Suddenly, buying print meant spending a lot of money without getting any security.

That would be enough for marketers to resent the media. But there’s another piece.

The traditional media model is sponsorship: Media creates content, which advertisers sponsor to reach a targeted audience. As friend and former boss Teri Mollison now at F&W Media, likes to say, this is the “We talk, you listen” model of marketing.

The Internet? That’s more like, “No, you listen.”

This is an uncomfortable thing in industry, where blunt and scratchy feedback didn’t always have to be tolerated. Nonetheless, it emphasizes how little feedback print really offers. That’s troublesome because of print’s other historical value proposition: distributing product information.

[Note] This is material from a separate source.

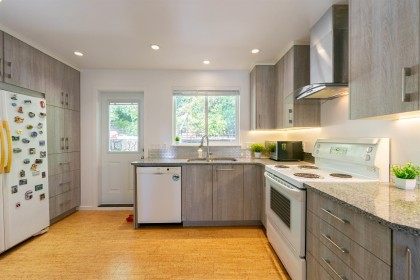 Photo 7 at 3341 Marine Drive, West Bay, West Vancouver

What good is that function in the Internet era if the information takes a a month to get out; doesn’t provide a lot of feedback compared to emerging alternatives; and inevitably gets filtered by a team of trade press editors.

It’s not news that cuts in ad spending have been offset by increased expenditures by industrial marketers on videos, articles, e-books, blogs and other original content. The Internet empowers them to do something the trade press won’t: get information to the market quickly, with no strings attached, and without a filter. There’s no begging, no pitching, no sending of gifts (which never really works, by the way), no threats to the publisher. The media’s old customers like being able to do their own media work. They don’t want to give up the flexibility and the freedom. They don’t want to see the power move back to the edtors.

Media companies are suffering terribly in this recession, but I’m not sure if many of them really understand why. It’s not just because there are too may other choices. It’s because industrial marketers aren’t interested in their survival.